Nutrient Management in Soybeans

(Male) Okay, my name is Dorivar Ruiz-Diaz, Soil Fertility and Alternative Management of the Department of Agronomy at Kansas State University. In the last few years, we’ve been working with the Kansas Soybean Commission to improve soil fertility and alternative management programs for soybean. One of the areas where we’ve been working more recently was focus on secondary micronutrients. A lot of the data that we’ve been getting has been already used by producers through meetings and Extension meetings. With my appointment of Extension, I have the opportunity to share a lot of this data with producers, so I think it already it already has, in terms of nutrient management for soybean, for many of the producers in Kansas.
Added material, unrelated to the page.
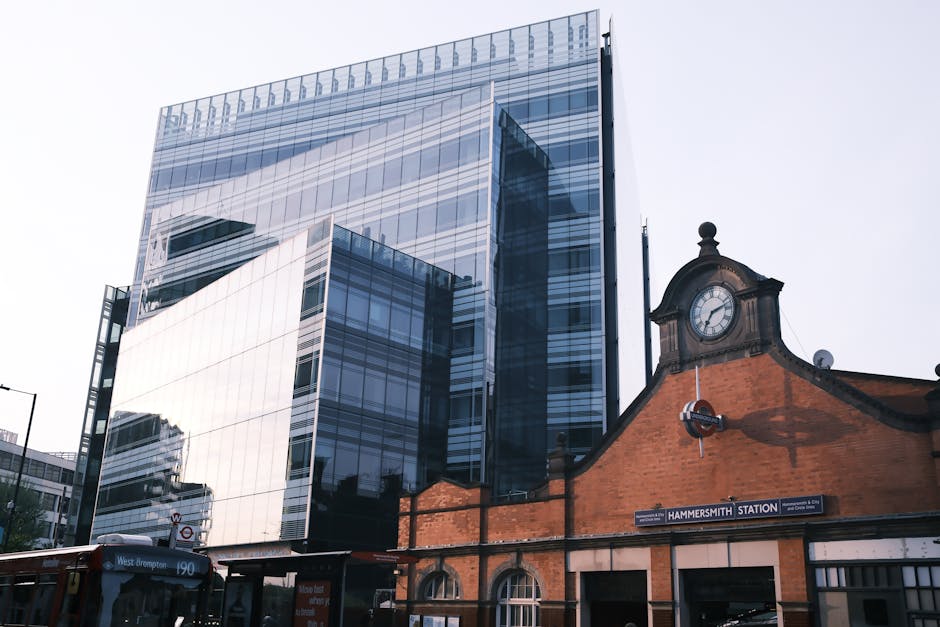 Exterior view of a multi-story residential building on King Street in Hammersmith, featuring classic Victorian architectural details. The building's facade is constructed from brown brickwork accented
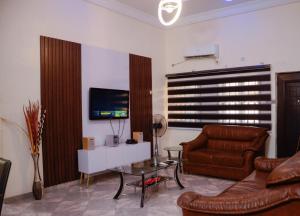 a living room with a couch and a table and a television at Peace cottage short lets and apartments in Ibadan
Something that we’ve been testing in recent years is the application of micronutrients to the seed in soybeans and how that may improve growth and yield and especially with high pH soils, conditions where micronutrients and secondary nutrients can be a limitation and places where we do see clearer the efficiency and we have seen a significant increase in yield, especially in situations of iron chlorosis, for example, in western Kansas which is a big factor, as more soybean is moving west and more acres are being established, especially under irrigation in western Kansas is really a big concern and in recent years, again, there has been a lot of increase of a number of acres in western Kansas and it’s usually high pH and iron chlorosis that can be a big challenge. We’ve been seeing a lot of benefit again, and especially in areas where we do have very high pH programs. We do see increases easily in the order from five to more than ten bushels per acre in yields. All other aspects that we’ve been also looking again, in those newer ground in western Kansas, for example, the use of micronutrients, especially nitrogen, in some of those cases, you know, correlation and the population of rhizomes in the soil not being established and again, a compliment in that with nitrogen fertilizers, for
example, can be a positive addition to the fertility program. We’re covering all the different types of managements, again, a lot of the most of the acres tend to me no-till for the most part, but again, we do have also conventional tillage in many parts of Kansas, so we are basically looking at all the different tillage systems. We are continuing especially with the micronutrients and secondary nutrients hopefully in the near future. There are a lot of things that we don’t know about, some of these nutrients, especially when it comes to the use of tissue analysis. The use some of the soil tests even, so I think we are developing a lot of new data that’s gonna be useful. A lot of information on secondary micronutrients is not available for Kansas and even in the U.S., we don’t have very much data, so all of this information, I think, is gonna be very useful to understand a little bit better. In terms of the outreach and the Extension component, I’m hoping also for producers to pay a little more attention to fertility programs for soybeans and make sure to provide all the, cover all the basics for getting the yield potential for soybeans, which I think in many cases, people maybe overlook, maybe more attention to other crops than soybeans, I think it needs a lot of attention when it comes to covering all the nutrient requirements.